What a Difference a Year Makes


Friday was Katie’s last full day of first grade.  It was also Cleo’s first birthday.  Andrew, Annie Rose, Cleo and I joined all the other first grade families at noon to participate in the first grade barbecue.  I sat on the ground with my hot dog and chips and reflected on the difference a year makes.  

On the last day of school last year, it was a warm and sunny summer day.  This year in Chicago, June apparently still falls in the winter, and it was a chilly 50 degrees as we sat down to our outdoor picnic.

On the last day of school last year, Katie only had one sister.  I went into labor on the kindergarten playground.  I remember calling Andrew to tell him it would be his last day of school, too, because the baby was coming.  Our family of four spent a beautiful day together, walking to lunch and visiting the bookstore and the library to sign up for summer reading programs.

Katie had a very loose front tooth, and all afternoon, she wiggled it each time I had a contraction.  It was a race to see which would come out first- the new baby or Katie’s front tooth.  Katie beat me to it by a few hours, and she started the summer with a gap in her smile.

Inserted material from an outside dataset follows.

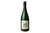 Champagne Jerome Blin La Pouillote Extra Brut 2019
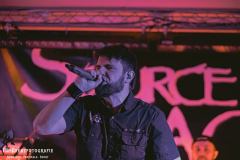 140326_Sturm_01_Source_of_Rage_002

The Chicago Blackhawks won the Stanley Cup a year ago.  Andrew watched the game as he perched on the edge of my hospital bed.  I labored through the night, and Cleo made her debut at 7 am the next morning. And, just like that, we were a family of five.

Annie Rose went from being the baby to the middle child, a role she has embraced with every ounce of her being.  She knows how to access our tenderness at any time of day or night.  “Is there anyone who has time to give some love and attention to a middle like me?” she will ask, gazing at us with her large doe eyes.

On the last day of school last year, Katie did not know how to ride a bike, nor could she hold a tennis racket or play a game of chess.  This year, she joyfully rode her two-wheeler every chance she got, participated in chess tournaments and took tennis lessons every Tuesday.

On the last day of school last year, Katie carried her Tinkerbelle backpack, and she drew no unusual attention, because she neatly fit into society’s expectations for little girls.
On the last day of school this year, Katie carried her Star Wars backpack, bolstered by the forceful support of thousands of Star Wars fans who came together in November and December to defend Katie’s right to be a female Star Wars fan.

On the last day of school last year, the only people who celebrated Katie’s achievements were her family and close friends.  This year, whenever Katie has a notable moment — a goal in soccer, a win in chess, a recital in piano – I proudly post it to the Portrait Facebook page, and a legion of people who have never met Katie but care about her nonetheless offer her their congrats and support.  It brings joy to a mother’s heart.

Katie has absorbed this outpouring of kindness, and she carries herself with more self confidence.  She defines herself less by her Otherness, such as her adoption and her glasses, and more by her interests. 

I think about the year to come, and I wonder what unforeseen developments await us.  My head is up and my eyes are open.  It will be hard to top the year we just had!